### TASK DESCRIPTION:
Below are records with pictures; copy word for word only the lines between the line with "古玩陶瓷藍(lán)毫茶葉罐真品鑒賞圖" and the line with "Pets Are Family", inclusive, and drop the pictures.

### DATA EXTRACTS:

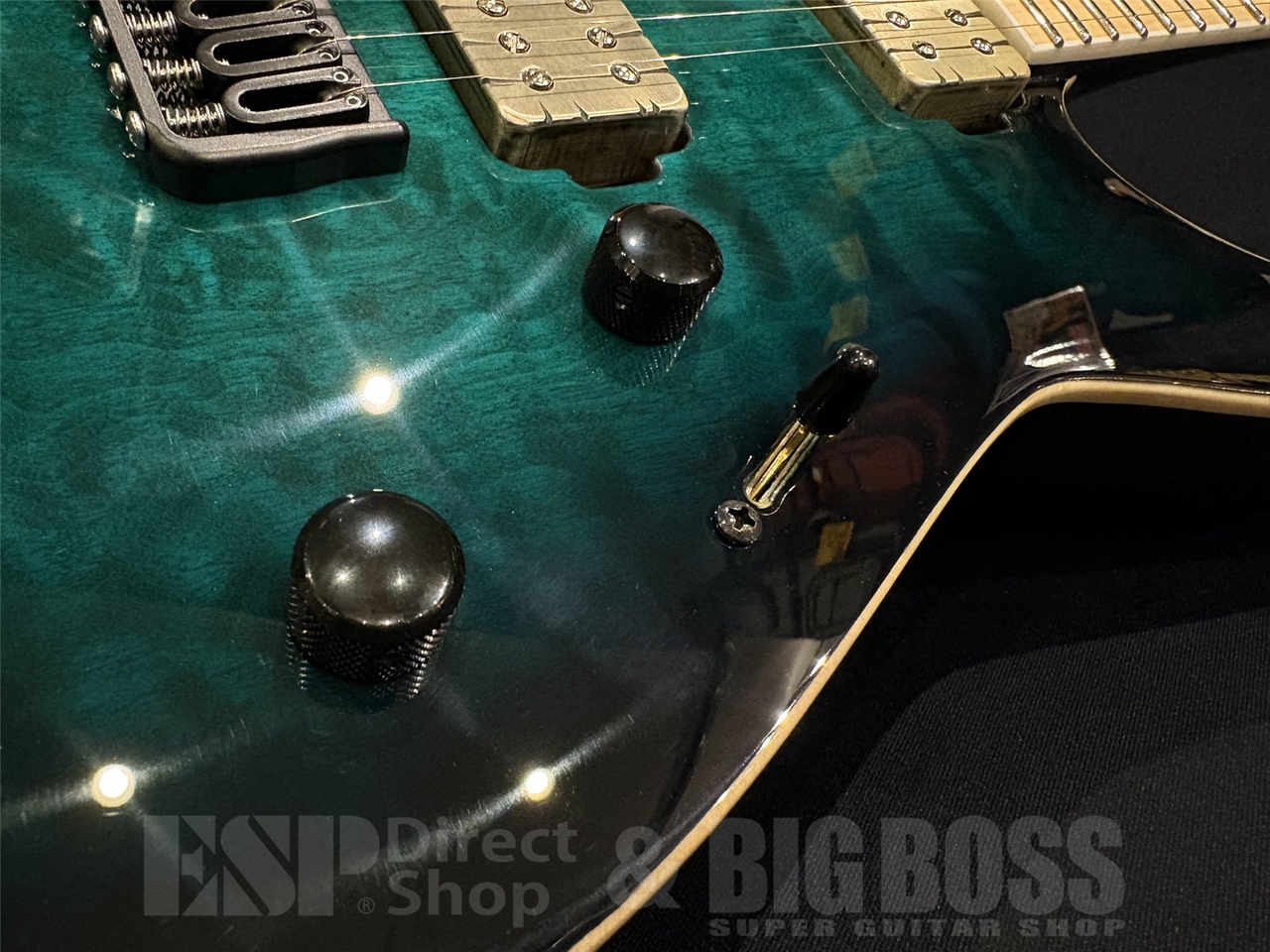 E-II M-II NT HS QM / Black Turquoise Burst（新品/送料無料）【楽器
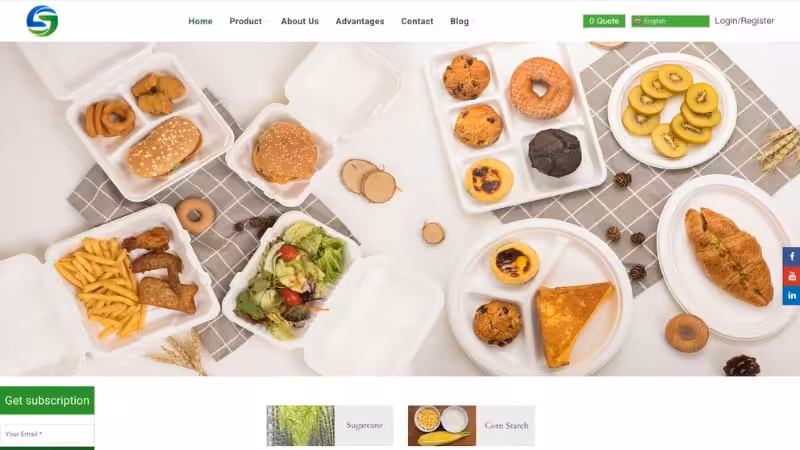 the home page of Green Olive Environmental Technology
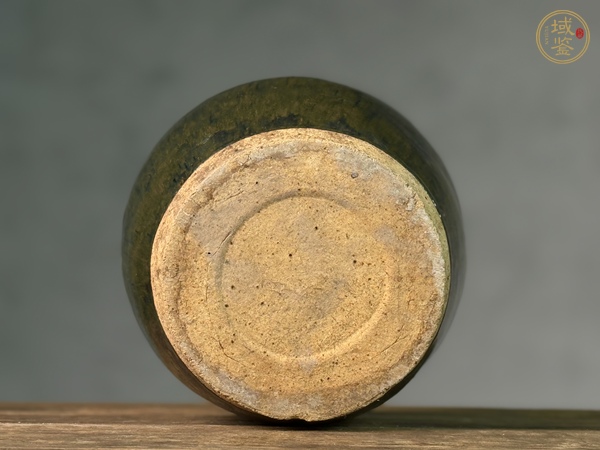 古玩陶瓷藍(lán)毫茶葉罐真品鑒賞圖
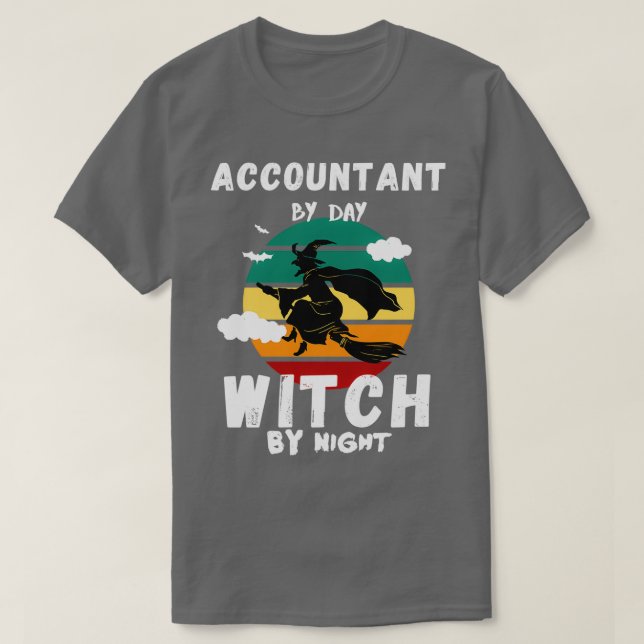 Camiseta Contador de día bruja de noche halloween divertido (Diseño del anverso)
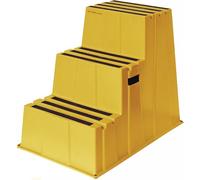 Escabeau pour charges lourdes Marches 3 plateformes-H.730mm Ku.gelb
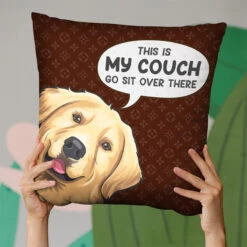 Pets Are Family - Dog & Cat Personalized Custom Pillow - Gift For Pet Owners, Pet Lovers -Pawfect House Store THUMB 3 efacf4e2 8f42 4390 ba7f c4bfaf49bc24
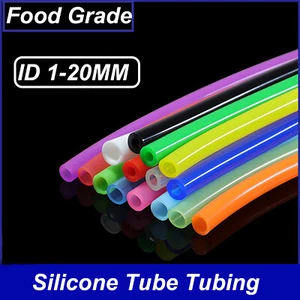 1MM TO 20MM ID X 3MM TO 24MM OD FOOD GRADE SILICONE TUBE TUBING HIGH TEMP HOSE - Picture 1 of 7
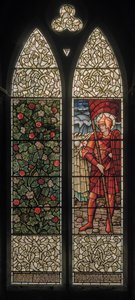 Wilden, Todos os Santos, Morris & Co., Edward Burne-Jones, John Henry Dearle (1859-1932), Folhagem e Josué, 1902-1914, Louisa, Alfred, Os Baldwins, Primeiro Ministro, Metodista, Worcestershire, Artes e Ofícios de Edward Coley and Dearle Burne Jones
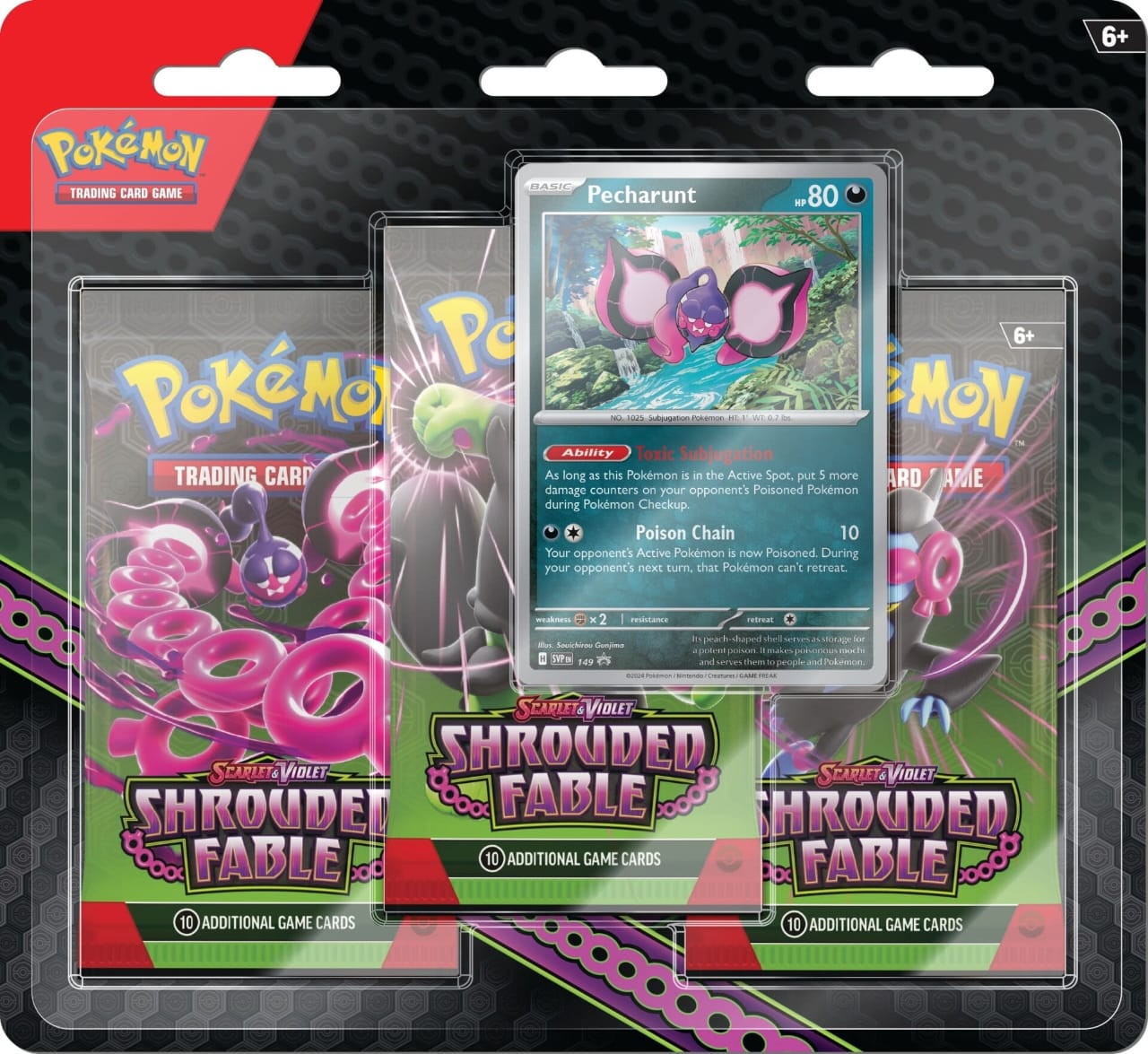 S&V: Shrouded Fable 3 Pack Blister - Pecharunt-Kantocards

...

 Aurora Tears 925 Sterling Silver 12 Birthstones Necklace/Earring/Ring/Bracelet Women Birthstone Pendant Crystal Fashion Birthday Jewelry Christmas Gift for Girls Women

### ANSWER SECTION:
 古玩陶瓷藍(lán)毫茶葉罐真品鑒賞圖
 Camiseta Contador de día bruja de noche halloween divertido (Diseño del anverso)
 Escabeau pour charges lourdes Marches 3 plateformes-H.730mm Ku.gelb
 Pets Are Family - Dog & Cat Personalized Custom Pillow - Gift For Pet Owners, Pet Lovers -Pawfect House Store THUMB 3 efacf4e2 8f42 4390 ba7f c4bfaf49bc24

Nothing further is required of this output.